Local taxpayers should read it and weep.
They have paid about $1 billion for a bungled, much delayed light rail system that I’m glad to see has generated at least $1.2-billion construction activity in downtown Kitchener.
But the same taxpayers are now, through local councils, shelling out excessive development “bonuses” to the same developers who are already making large profits on high-priced condominium units selling vigorously along that LRT route.
At the same time, not a single unit of affordable housing is included in the hundreds of condo buildings being approved mostly in my downtown ward by councillors and planners.
That reflects a grossly inequitable payback for taxpayers and was the reason I voted at planning committee, Monday, against a project by Momentum developments that wraps around the beautiful heritage Huck Glove building at Victoria and Bramm streets.
And while I congratulate Momentum for saving the Huck building, I think those bonuses are out of whack.
In this case, they will incorporate a zone change that permits an intensified 25-storey building that will have 300 units. They also include an outdoor park area that will be replaced with a partly-indoor “public amenity area” and parking spaces that will be reduced from 411 to 233.

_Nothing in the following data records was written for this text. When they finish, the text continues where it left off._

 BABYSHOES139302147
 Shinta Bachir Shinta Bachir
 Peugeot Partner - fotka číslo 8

I voted against the project to protest the fact Momentum has or will soon build more than 1,000 high-rise condos on Victoria and at Charles-Gaukel that include no affordable shelter despite the fact Waterloo Region has 3,000 names — about 10,000 adults, children and seniors —on a waiting list for low-cost housing.
After two Kitchener councillors — planning chairman Paul Singh and downtown representative, Sarah Marsh — declared conflicts of interest and didn’t vote on the issue, the remaining councillors and Mayor Berry Vrbanovic approved the development. Singh’s conflict is because his father owns property adjacent to Momentum sites on Victoria while Marsh’s conflict involves purchase of a Momentum condo.’

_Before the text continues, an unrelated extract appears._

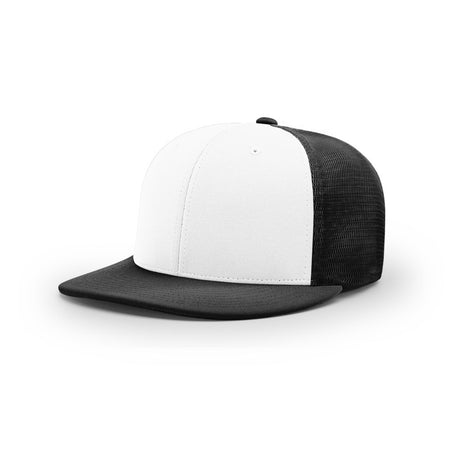 Richardson PTS20M Pulse/Mesh Back R-Flex Hat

Buried somewhere under the blanket of bonuses we are shovelling out to developers is a responsibility that those companies make certain affordable housing forms part of their projects. Meanwhile, local politicians should, but are not, doing their utmost to make certain that responsibility is met.
When the issue returns to council on March 19, I hope councillors remember that, no matter what your income, housing is supposed to be a basic human right for all Canadians.